Villar’s efforts have supplied jobs to 500 Las Piñas families, but now that her public service is growing on a nationwide scale, the senator and her foundation still have a long way to go. “My dream is to build one livelihood project in every town in the Philippines. That’s 1,600 towns. I’ve only built 800. I’m only halfway done. I want to build 200 a year for the next 12 years,” she says.

Farming For The Future

“I’m not a teacher, but once I learn something, I can teach it,” the farmer-senator shares as we walk through the muddy paths of her Villar SIPAG Educational Farm. Judging from the crops raised organically on the family-owned farm, it seems like an ideal setting for the hardworking senator to relax and unwind. But, no: half of the farm really is due to the lawmaker’s duties as chairman of Agriculture in the upper chamber. 

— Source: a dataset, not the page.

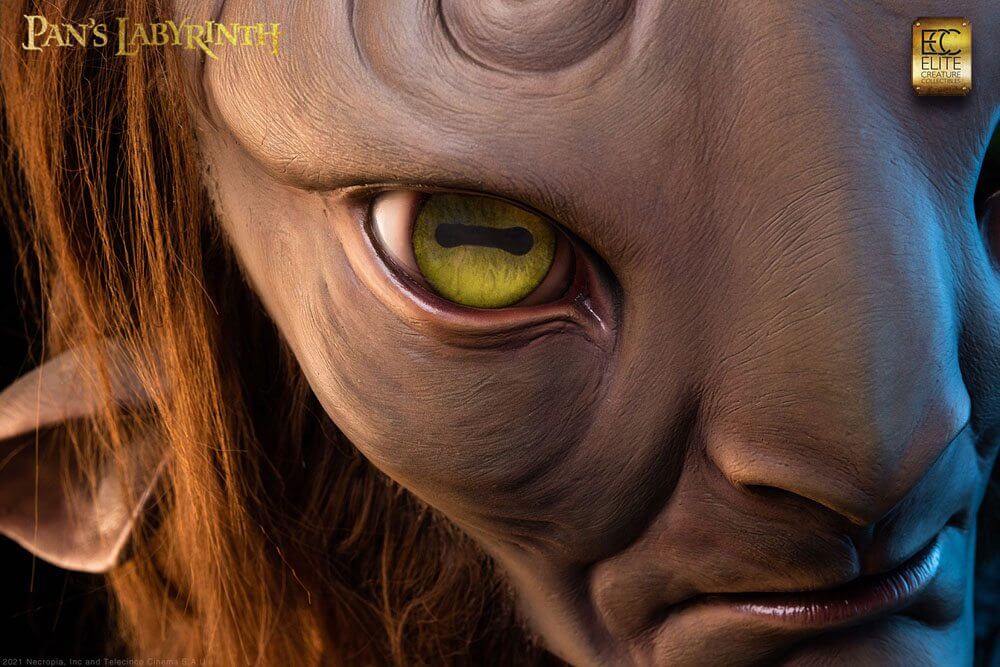 Pans Labyrinth Life-Size Bust Faun 75cm - Scale Statue - Elite Creature Collectibles - Hobby Figures UK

“I’m not an agriculturist, I’m a finance person. But I realized that if you have the financial ability, you can apply it in everything you do to make it profitable,” she explains, before shedding light on how depressed rural farmlands can actually be turned to yield a profit.

 “According to the United Nations Food and Agriculture Organization (UNFAO), our chance for food security in 2050 is to maintain the family farms, not the big corporate farms. This is true all over the world,” she notes. “It’s why I am earnest in teaching them because if they don’t earn much from it, they will leave it. It’s a race against time. We have to teach them to earn more (from farms), and they will choose to keep and continue them.”

So, in the foundation’s model farm — which aims to be completely powered by alternative energy in the next few years — Villar and her team of farming experts raise crops in the most sustainable, cost-effective way.

Through the process of agri-ecology, farms can now be empowered to row multiple crops, with a more profitable yield, while cutting costs on synthetic fertilizers and outdated farming methods. Call it a new farming revolution, but, as the practical senator puts it, it’s only “the call of the times.” “Teaching farmers to do more breaks the cycle of poverty. They only need to learn. Teach them to grow multiple crops, to raise livestock so they will have multiple sources of income, given the same plot of land,” she explains.

But, as a legislator, Senator Villar understands that the practice must be complemented by priority measures, to ensure that its effects are institutionalized. “That’s why, in the Senate, I’m focused on hearing about agricultural smuggling. These smugglers will kill our backyard farms. So, recently, we passed a bill in the Senate declaring agricultural smuggling as economic sabotage, which is an unbailable offense. We need to protect and support the industry that feeds us,” she explains.

With a staggering 38.3 percent poverty incidence among our farmers, and in light of recent headlines about our own food producers growing hungry in the countryside while our ASEAN neighbors surpass agricultural target goals year after year, Senator Villar understands that real development, particularly in the farmlands, must go way beyond politics.  Sen. Villar advocates rebuilding what was lost to our backyard businesses because of idleness, patronage, misinformation or, simply, hopelessness. It can take a lifetime of dedication and hard work, but she knows it can be done.